Let’s face it, no one wants to deal with insurance companies, especially after a car accident. With all the stress that comes along with car accidents, you may ask yourself which headaches you can avoid, and which ones are necessary to properly handle your situation. But do you have to talk to insurance companies after an accident? This article will tell you when it is and isn’t necessary to speak with insurance investigators.

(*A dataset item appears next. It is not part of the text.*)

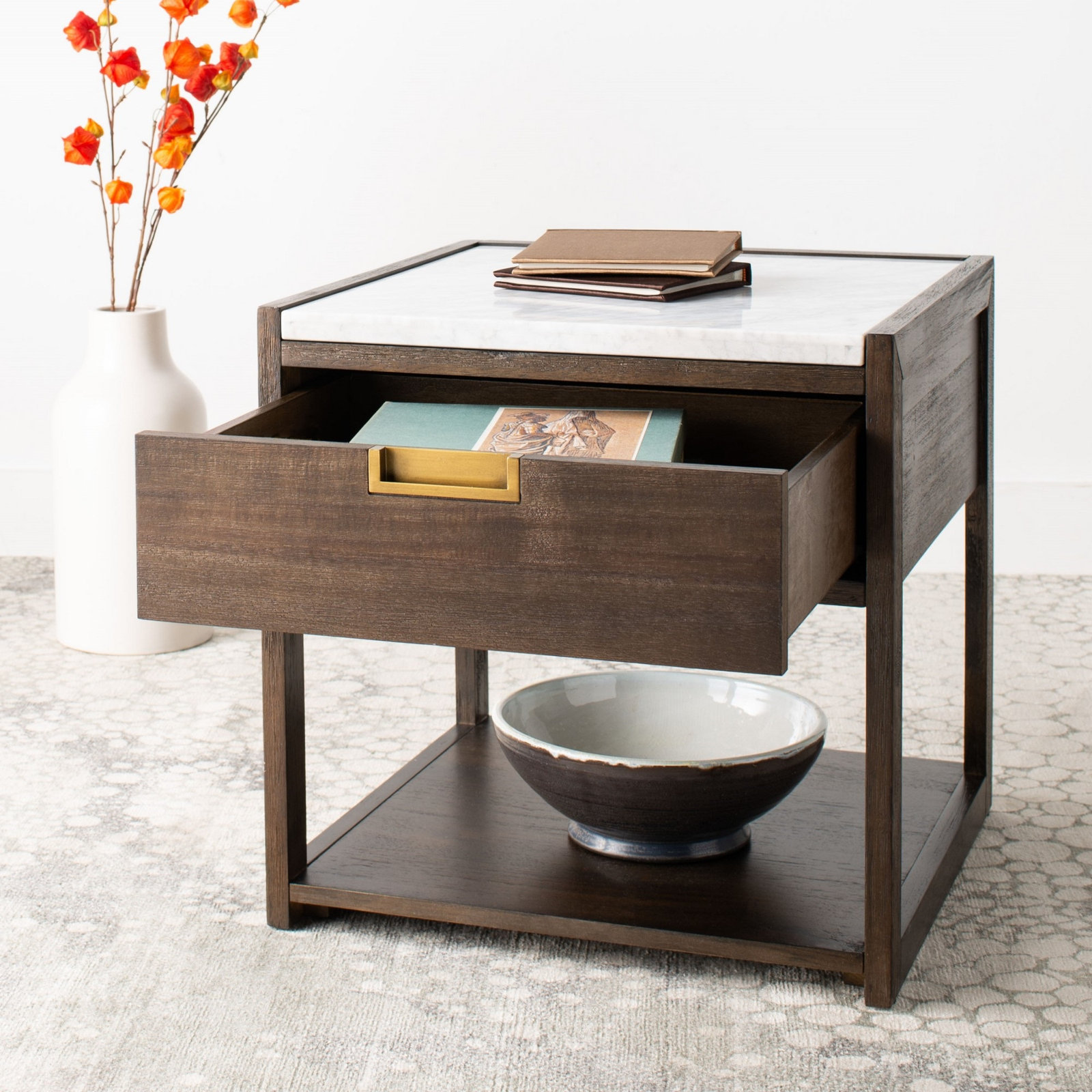 Eliane Acacia Nightstand, Dark Chocolate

What Are Insurance Agents Looking For?
Most of the time, insurance agents are trying to find the facts of a case, but they are also constantly on the lookout for fraud. Fraudulent cases happen when people file false claims or claims including untrue information in an attempt to profit from an insurance policy. If a claim is deemed fraudulent, the filer can be dropped from their insurance policy or even charged with a criminal offence. Because fraud is taken so seriously, insurance investigators will contact you to ask for personal information including driving history, financial records, proof of registration and more. It is also the insurance investigator’s job to determine who is at fault in an accident which is another reason why they ask these questions, but are you required to aid in these investigations?
When Do I Have to Talk to the Insurance Company?
Now that you know what the insurance company is looking for and why, you can determine whether or not you have to talk to them after your car accident. The simple answer is, yes, if it is your insurance company you must share the details of your car accident with them. Under the duty of the utmost good faith clause in your insurance contract, you are obligated to share the honest details of your accident. In addition to this, per your insurance contract, your conversation with your insurance provider must be recorded and used as evidence in the investigation. The good news about this is that your insurance company is most likely trying to prove that you were not at fault.
On the other hand, if the other party’s insurance company contacts you, you do not have an obligation to speak with them. In fact, it is strongly advised that you do not speak to the other party’s insurance company (unless you have counsel) because they are most likely trying to prove that you are the at fault party. This is especially true if the insurance company attempts to record the conversation.
It’s the job of insurance investigators to find out the details of a claim, but you should only ever talk to your own insurance agent after a car accident. The investigator from the other party’s insurance company is most likely looking for evidence to prove that the accident was your fault, so it is in your best interest to refrain from speaking to them unless you have a lawyer present.